= Star shaft =

Pyramid engineering feature

Elevation diagram of the interior structures of the Great Pyramid.10 shows the King's Chamber and its "star shafts".7 shows the Queen's Chamber and its shafts.

Star shafts, (sometimes called "air shafts") are two narrow ducts leading out of the King's Chamber of the Great Pyramid of Giza, or to similar shafts in the walls of the Queen's Chamber, though these are discussed less frequently due to being blocked off on both the outside and inside of the pyramid.

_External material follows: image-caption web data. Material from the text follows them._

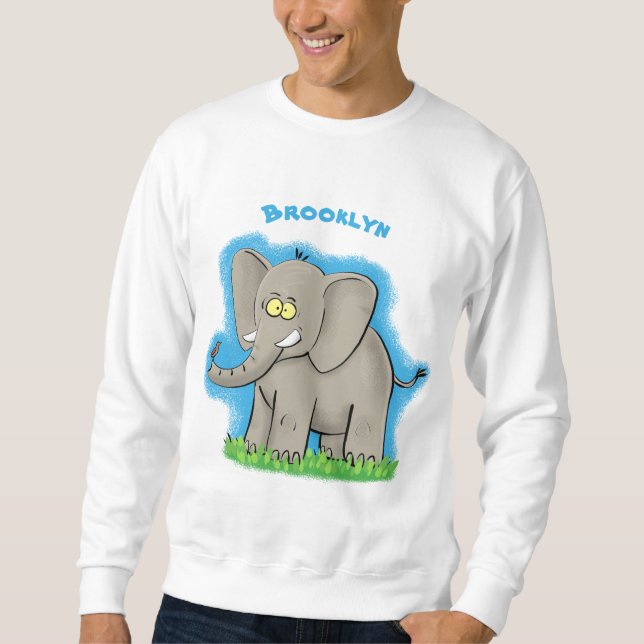 Cute funny elephant with bird on trunk cartoon sweatshirt (Front)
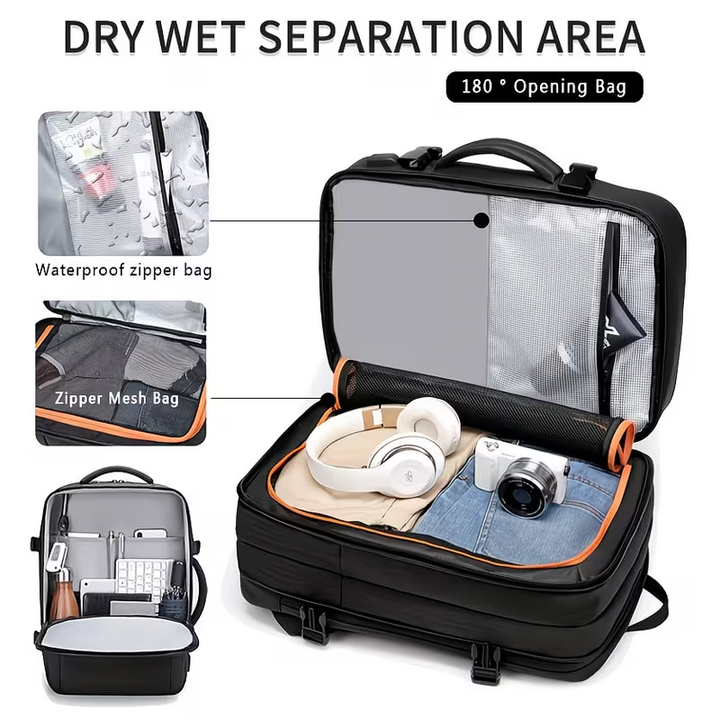 Black travel backpack with dry wet separation, waterproof zipper, and 180° opening for laptop & gear storage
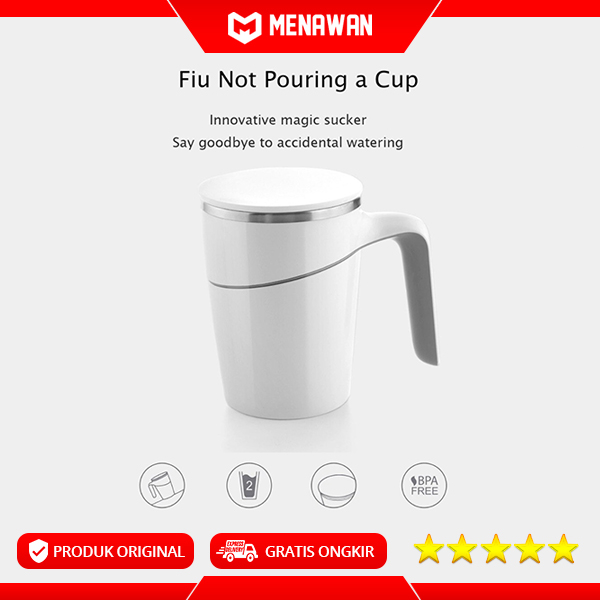 Youpin Fiu Grace Suction Cup Non Slip Stainless Steel Food Grade Mug Gelas Cangkir Kopi Unik Anti Tumpah Original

Shafts of this nature have not been discovered in any other pyramids as of yet. Initially they were presumed to be ventilation shafts, but doubt has been cast on this theory due to not all the shafts leading to the outside. This same fact also undermines the assumption that the shafts were used to observe certain stars. In 2010, researchers from Leeds University developed a robot that traversed the shaft and used an endoscopic camera to look through the hole previously drilled through the stone blocking the path to the outside. This revealed a small chamber with red ochre markings on the floor, followed by another large stone blocking the path.

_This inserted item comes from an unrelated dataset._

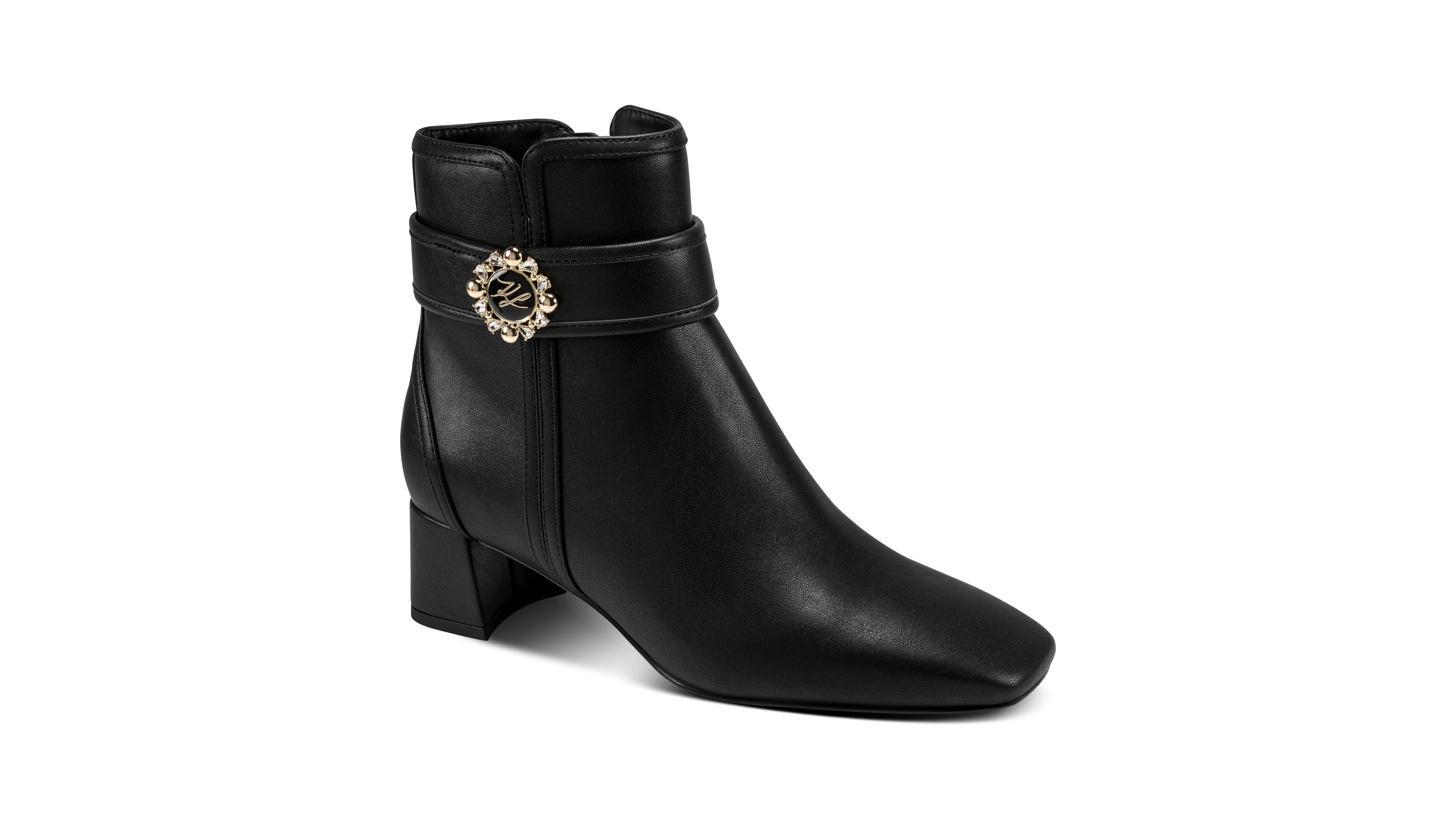 Karl Lagerfeld Paris Women's Serafina Embellished-Buckle Block-Heel Leather Booties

== Physical characteristics ==

In the north and south walls of the King's Chamber are two narrow shafts, commonly known as "air shafts". They face each other and are located approximately 0.91 m above the floor, 2.5 m from the eastern wall, with a width of 18 and 21 cm and a height of 14 cm. Both start out horizontally for the length of the granite blocks they go through before changing to an upwards direction. The southern shaft ascends at an angle of 45° with a slight curve westwards. One ceiling stone was found to be distinctly unfinished which Gantenbrink called a "Monday morning block". The northern shaft changes angle several times, shifting the path to the west, perhaps to avoid the Big Void. The builders had trouble calculating the right angles, resulting in parts of the shaft being narrower. Nowadays they both commute to the exterior; whether they originally penetrated the outer casing is unknown.

==Theories of purpose==
In the Great Pyramid of Giza there are two narrow shafts, in the north and south walls of the King's Chamber. Alexandre M. Badawy suggested that the south shaft pointed to Orion's Belt during the period of the construction of the Giza pyramid complex. While this may be true, the shafts could not have been used to actually observe the stars due to the intentionally placed stones blocking the path. Virginia Trimble posited that the north shaft was meant to point towards the north circumpolar stars, The Indestructibles. The Ancient Egyptians believed that these stars were closely associated with eternity and the afterlife, so this northern shaft possibly could have been a way whereby the soul of the deceased king might ascend to the stars.

Another common theory is that the shafts were merely "air vents" for ventilation. It's evident that they can be used as such, given that they were cleaned in modern times, to allow for better ventilation for tourists. Of course the dead do not need air vents, but they may have been useful as such during the construction of the pyramid or in rituals following the death of a pharaoh. However, the Queen's Chamber shafts were found sealed, so whether or not they could have been used for ventilation is uncertain. Furthermore, the lack of shafts in the other pyramids casts doubt on this theory.

The theory that is most widely accepted today is that of the shafts pointing towards certain stars/asterisms that were important to the Egyptians. It is expected that at the time of the pyramid's construction (circa 2500 BC), the shafts aligned with the transit points of Alpha Draconis (which is projected to have been the star closest to the north celestial pole), Orion's Belt, Sirius, and Beta Ursae Minoris. The star shafts were presumably meant to direct the spirit of the pharaoh to these stars; Alpha Draconis the pole star, Beta Ursa Minoris one of The Indestructibles, Orion representing the deity Osiris, and Sirius representing his consort Isis.

== Robotic exploration ==
In 2010, researchers from Leeds University had finished construction of a robot specifically designed to traverse the shafts and attempt to determine their true purpose. The robot successfully navigated through all 60 meters of one shaft, collecting nine hours of video footage. Upon reaching the large stone at the end of the shaft, the robot managed to get a camera past it. On the other side, a small chamber with intricate symbols on the floor was discovered. Rob Richardson, Professor of Robotics at Leeds, stated “given the artwork, it is likely the shaft served a bigger purpose than act as an air vent. But what that bigger purpose was remains a mystery.”

Furthermore, at the other end of the small decorated chamber, was another large stone blocking the shaft; due to the robot not being able to get past the second stone, what lies past it continues to remain a mystery. However, the robotic exploration project had to be cut short due to growing security problems in Egypt.